» **RAW DATA**:
_ _ _ _ _

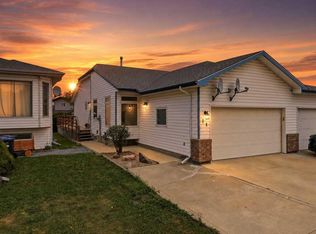 14 E Wildrose Dr, Sylvan Lake, AB T4S 1G4
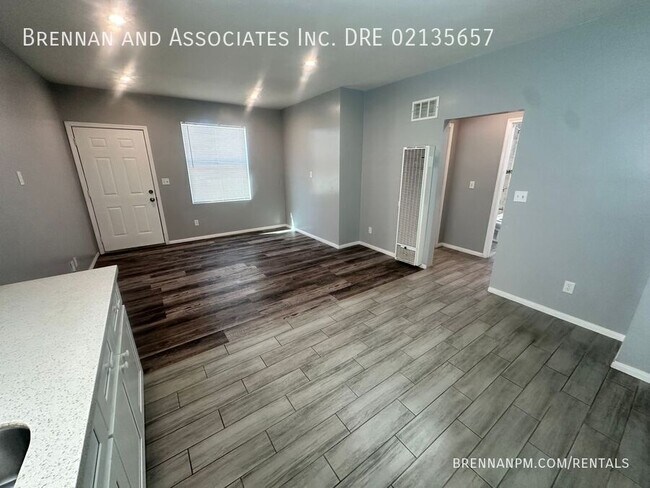 Photo - Cozy 2 Bed, 1 Bath Duplex in Downtown San ...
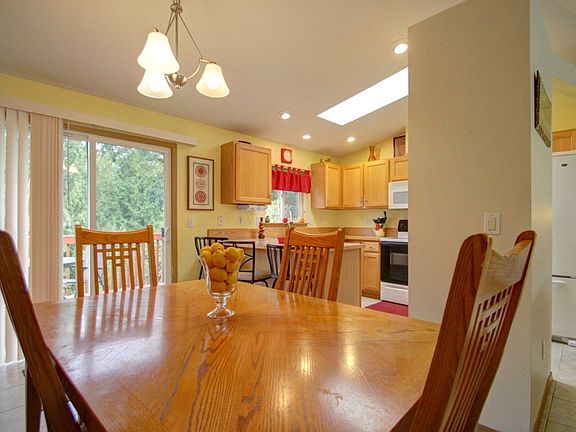 5th image of 5520 78th Ave NE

_ _ _ _ _

» **INSTRUCTIONS FOR THE TASK**: Without changing a word, restate the listing above; the pictures stay out.

» **THE ANSWER**:
 14 E Wildrose Dr, Sylvan Lake, AB T4S 1G4
 Photo - Cozy 2 Bed, 1 Bath Duplex in Downtown San ...
 5th image of 5520 78th Ave NE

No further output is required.